Tuk Tuks

Named for the sound these little vehicles make, tuk tuks are taxis in Southern Asia. They have a small motorcycle motor, 3 wheels, a front seat for the driver and a rear seat for passengers. I doubt you could get one licensed and insured for use in the US. However, they move people, their shopping and hoards of tourists every day. 

Drivers make money if they do a lot of runs. How do they manage this? Easy. They drive like crazy people. They go around other vehicles if they find a millimeter of space. They pass busses, cars and even loaded trucks going uphill. They also pass other tuk tuks.
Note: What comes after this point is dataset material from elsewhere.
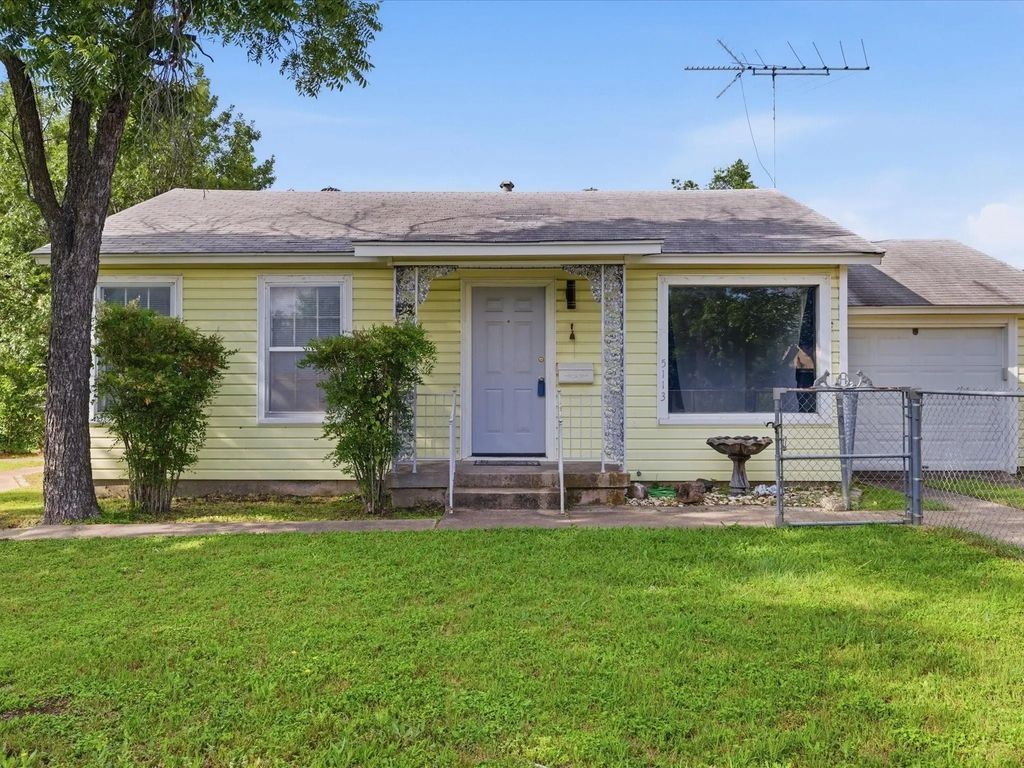5113 Flagstone Drive, Sansom Park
I was riding in one the other day when my driver passed a tuk tuk that was passing a third tuk tuk. Double line in the middle of the road indicates a challenge. Can you get around the vehicle in front of you without crashing into what might be coming ahead? 

For me the worst part if this is that tourists need to negotiate the fare before getting into the tuk tuk. This involves a wholly unreasonable figure on the part of the driver while the tourist names a much lower one with the hopes of coming to an agreement. It’s a good idea to get out of the vehicle before you pay so that you can hand over the agreed amount of money and make a speedy get away.

The other day I caught a glimpse of a bride dressed in a red and gold saree, flowers in her lap, flanked by two other women. The tuk tuk wasn’t decorated for the occasion. Just making a run to drop off the bride for her wedding.

About the size of a Smart car, but zippier!

How many can you count in this photo?


This was my driver negotiating a very narrow winding street with lots of oncoming traffic. 

Today I rode a tuk tuk from the main railway station in Colombo to a bus station in the suburbs on the southeast side of the city. I planned to take an air conditioned bus to Galle, a 75 minute ride on the southern expressway. The tuk tuk driver actually, and start the eye ball raising now, suggested he drive me instead of taking the bus. I politely turned him down.